Requirement
Please restate each line of the data below exactly. Omit all images.

---- Stored data

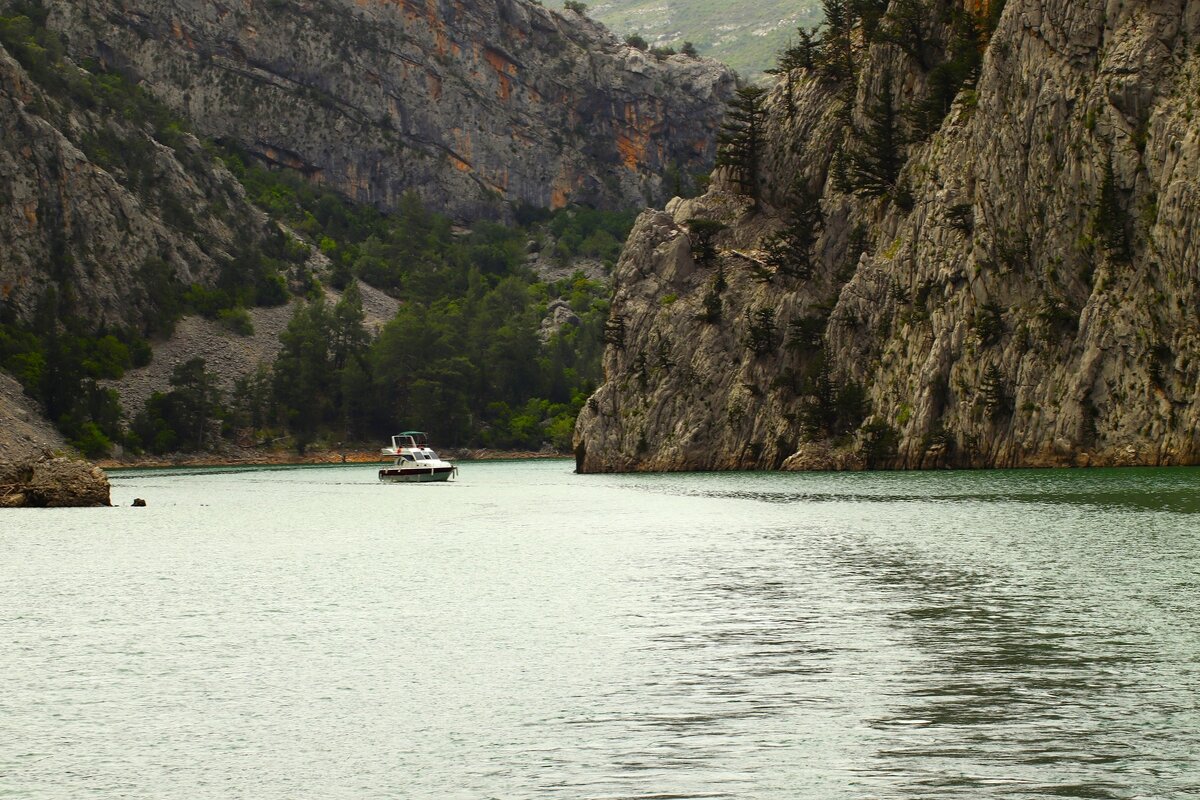 Среди скал - Юрий. Шмаков Среди скал - Юрий. Шмаков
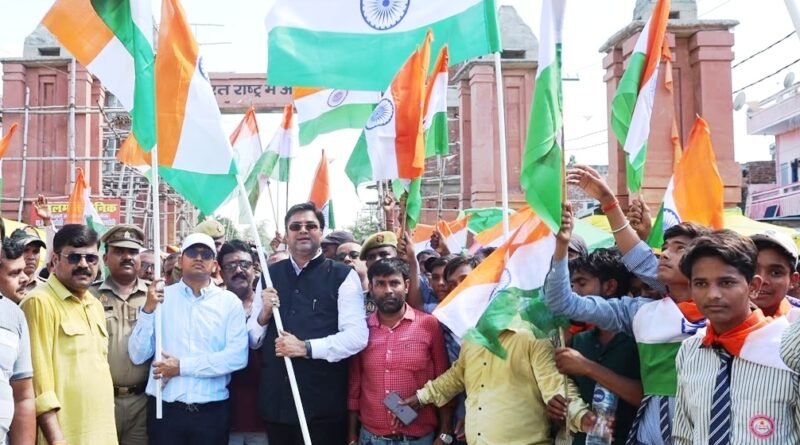बढ़नी में विधायक विनय वर्मा की अगुवाई में निकली भव्य तिरंगा यात्रा, नेपाल सीमा तक गूंजे देशभक्ति के नारे बढ़नी में विधायक विनय वर्मा की अगुवाई में निकली भव्य तिरंगा यात्रा, नेपाल सीमा तक गूंजे देशभक्ति के नारे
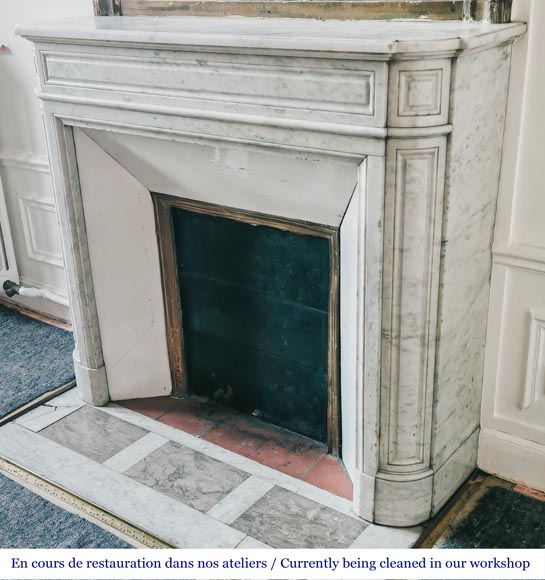 Louis XVI style Carrara marble fireplace with rounded corners Louis XVI style Carrara marble fireplace with rounded corners-5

--------

Solution to this exercise
 Среди скал - Юрий. Шмаков Среди скал - Юрий. Шмаков
बढ़नी में विधायक विनय वर्मा की अगुवाई में निकली भव्य तिरंगा यात्रा, नेपाल सीमा तक गूंजे देशभक्ति के नारे बढ़नी में विधायक विनय वर्मा की अगुवाई में निकली भव्य तिरंगा यात्रा, नेपाल सीमा तक गूंजे देशभक्ति के नारे
 Louis XVI style Carrara marble fireplace with rounded corners Louis XVI style Carrara marble fireplace with rounded corners-5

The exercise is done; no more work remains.